Under the new Administration, the U.S. in early 2025 implemented the largest tariff increase since the Great Depression. Consistent with these newly imposed tariffs being a significant economic shock, as shown below, the share of companies where corporate executives discussed tariffs in their earnings calls skyrocketed in 2025 compared to 2024, particularly during the first quarter of 2025 when uncertainty about tariff policy was especially high. Corporate executives’ commentary in these quarterly earnings calls can provide valuable insight into how companies are being impacted by these tariffs and into what actions U.S. firms are taking to mitigate the impacts from the newly imposed tariffs and tariff uncertainty.
The rest of this note uses large language model (LLM) earnings call transcripts to “survey” corporate executives on tariff impacts and mitigation strategies.[2] This “survey” of publicly listed U.S. corporates covers all S&P 500 firms from the first three quarter of this year, nearly 1,500 earnings call transcripts.
More than half of companies that discuss tariffs indicate that they are experiencing rising input costs attributable to tariffs, but at the same time only about a quarter of companies note that the tariffs are adversely affecting profit margins in 2025. This result suggests some companies have been able to mitigate the profitability impact of the tariff costs. In particular, companies can mitigate the tariff-induced input cost increases by utilizing a variety of strategies. They can:
As shown below, companies are reporting that they are pulling all of these levers in response to the newly imposed U.S. tariffs, with only modest variation in the average firm response across the first three quarters of 2025. Given the relatively modest variability in firm’s responses across quarters, throughout the rest of this note, we focus on firms’ net responses year-to-date, without focusing on any one quarter in particular.

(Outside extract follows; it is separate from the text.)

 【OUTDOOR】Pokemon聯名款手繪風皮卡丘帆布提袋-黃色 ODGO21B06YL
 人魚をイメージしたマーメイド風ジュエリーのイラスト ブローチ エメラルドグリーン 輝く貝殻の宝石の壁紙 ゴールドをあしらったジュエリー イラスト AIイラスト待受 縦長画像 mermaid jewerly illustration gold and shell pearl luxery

Below highlights some excerpts from earnings calls that help highlight the key points illustrated in the chart above:
Supply Chain Shifts: “We expect to continue to meet targeted reductions in U.S. goods from China. We plan to reduce from 2024 levels, when approximately 15 percent of our U.S. supply was sourced from China, to less than 10 percent by the middle of 2026 and to less than 5 percent by the end of 2026. These milestones are essential for achieving targeted gross margin objectives and for improving supply chain resiliency.” Stanley Black & Decker 3Q 2025
Output Price Increases: “We plan to mitigate approximately 60 percent of this impact in fiscal 2026 through a number of actions, including continued inventory management, supplier collaboration, alternative sourcing opportunities, productivity, and cost savings, and where absolutely necessary, surgical and responsible pricing actions.” – Campbell Soup Company 2Q 2025
Productivity: “We will look for every opportunity to mitigate these impacts, including sourcing flexibility, productivity improvements and pricing with innovation in affected categories and markets.” – Procter & Gamble 2Q 2025
Really, the cost savings that we are talking about are really the efforts underway to drive better efficiencies through our innovation that we are doing, focusing on the basics, rationalizing contractors like we talked about, reducing unplanned downtime, getting better asset efficiencies. Freeport-McMoRan Q3 2025
Not all sectors have been equally impacted by the tariffs nor have firms been able to equally mitigate the impacts.

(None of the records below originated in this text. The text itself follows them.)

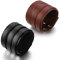 JewelryWe Schmuck 2 Leder Armbänder, Punk Rock Stil Niet breit Lederarmband Armreif für Herren Unisex, 22cm Schwarz Braun, mit Geschenk Tüte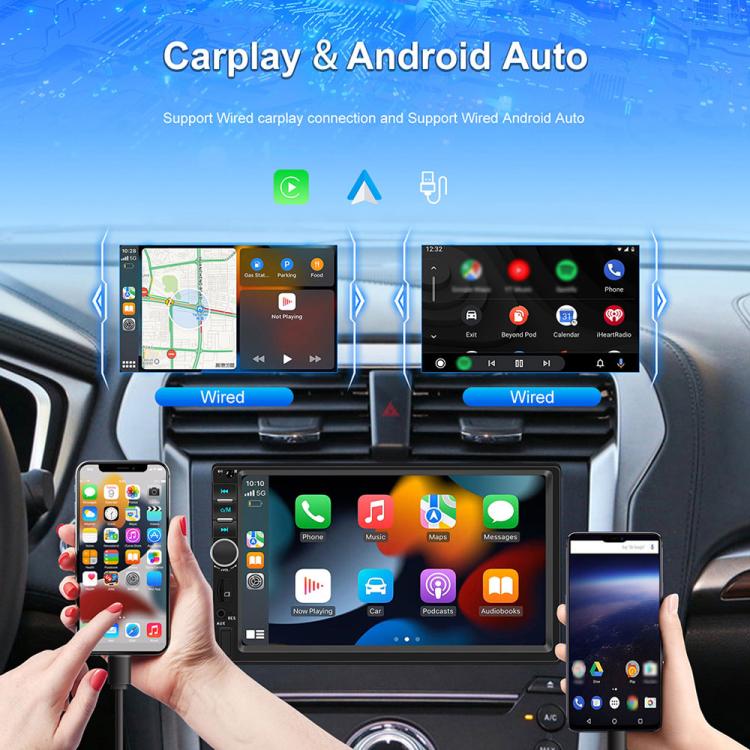 Lettore MP5 wireless touch HD 7" per auto con CarPlay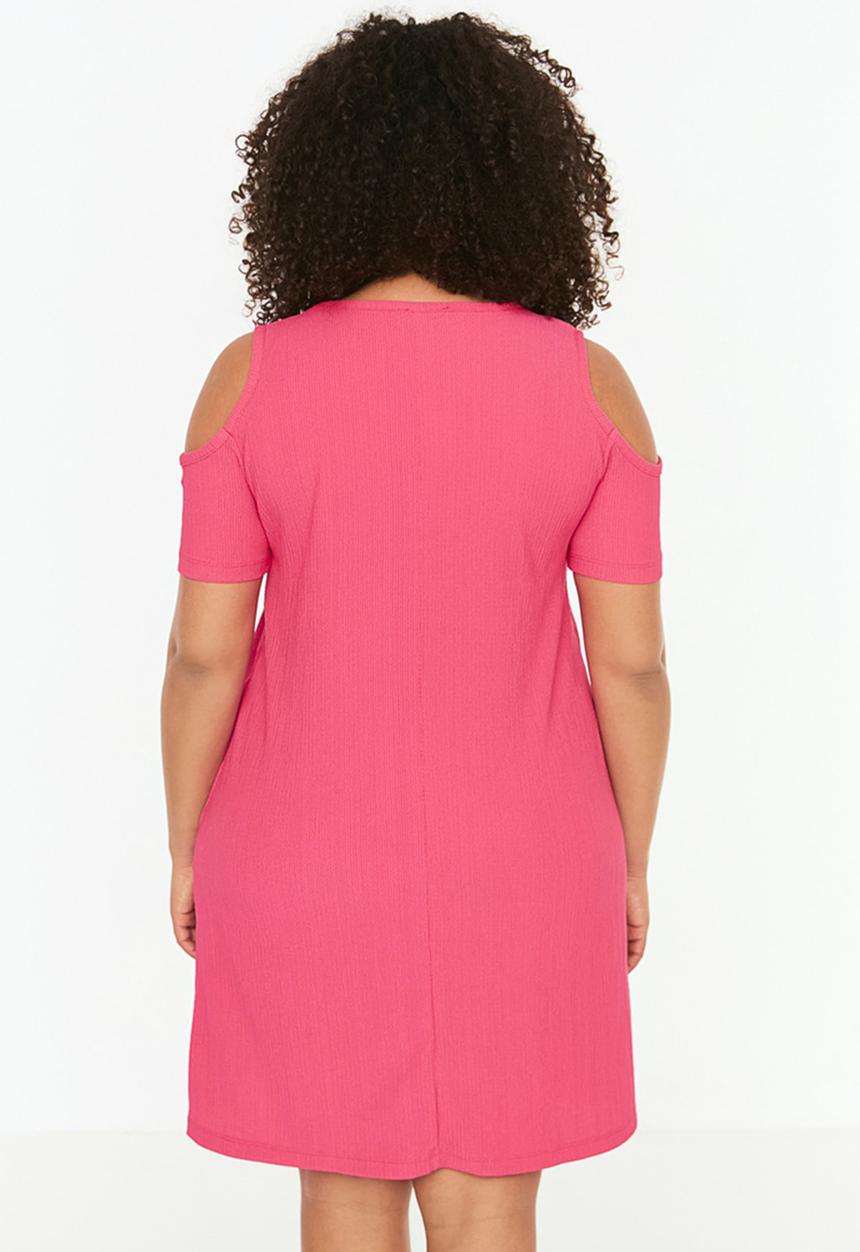 Trendyol - Plus a-line knitted dress - fuchsia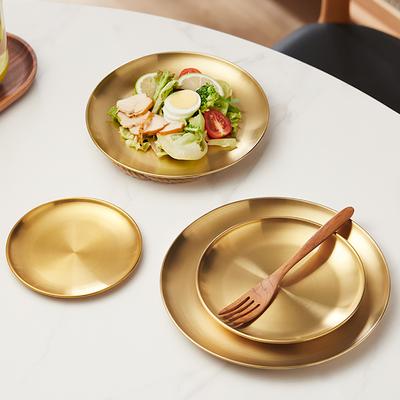 Gold Edelstahl Verdickte Speiseteller Rund Kaffee Tablett Dessert Kuchen Snack Obst Steak Gerichte Koreanisches Besteck Metallteller
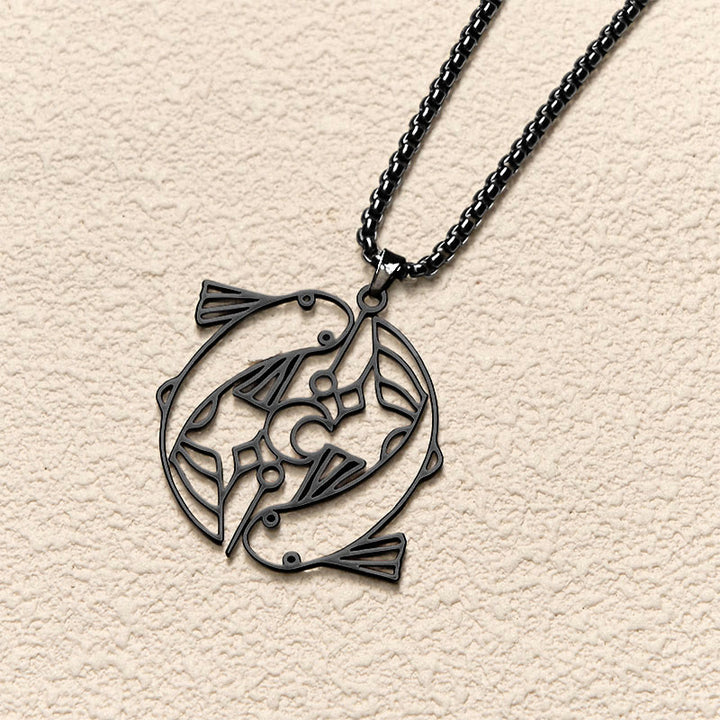Buddha Stones Vintage Koi Fish Hollow Design Stainless Steel Luck Necklace Pendant - image 15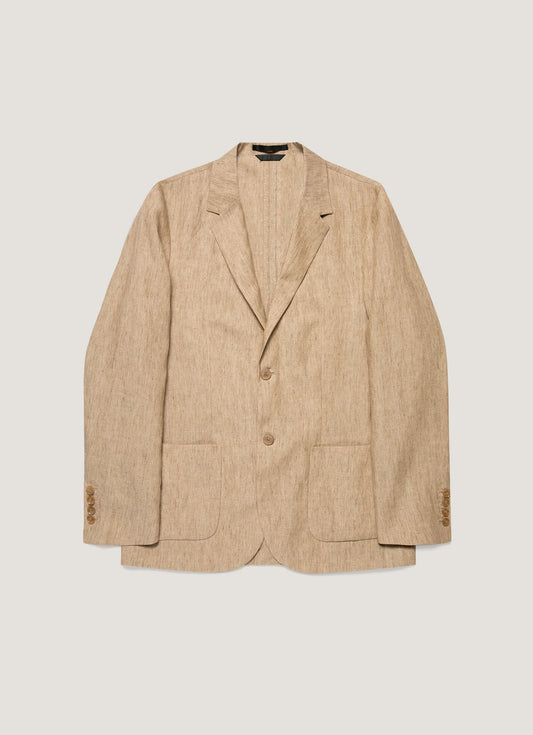 Mens Linen Blazer In Dune Melange Mjac7186 Brga
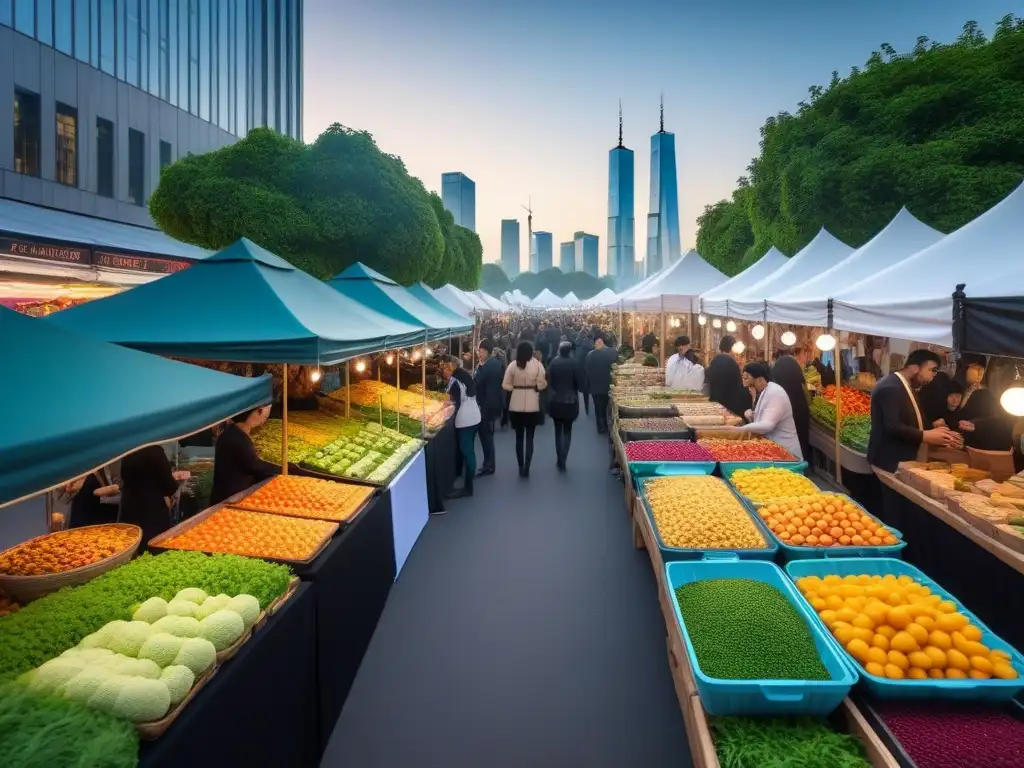 Mercado vegano en la ciudad: opciones gastronomía mundial entre frutas frescas y platos veganos, fusionando sabores y culturas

For example, as shown below, relatively few financial services firms or communication services firms are reporting they are seeing rising input costs due to tariffs – an unsurprising result since the most significant input cost for these industries are labor costs, which are unaffected by the newly imposed tariffs. Of course, these firms might still experience some cost increases due to tariffs (for example, they have to purchase computers for staff), but any input cost change due to tariffs has probably little impact on these businesses’ profitability.
On the other end of the spectrum, consumer defensive companies (i.e., non-cyclical consumer categories, such as staples, dollar stores) are for example highly impacted – not only do a majority of consumer defensive companies who mention tariffs say their input costs are rising, but about half of the companies in this sector who mention tariffs also report that their profitability has taken a hit due to tariffs. This is somewhat unsurprising as the costs associated with goods make up a larger share of total costs for these businesses.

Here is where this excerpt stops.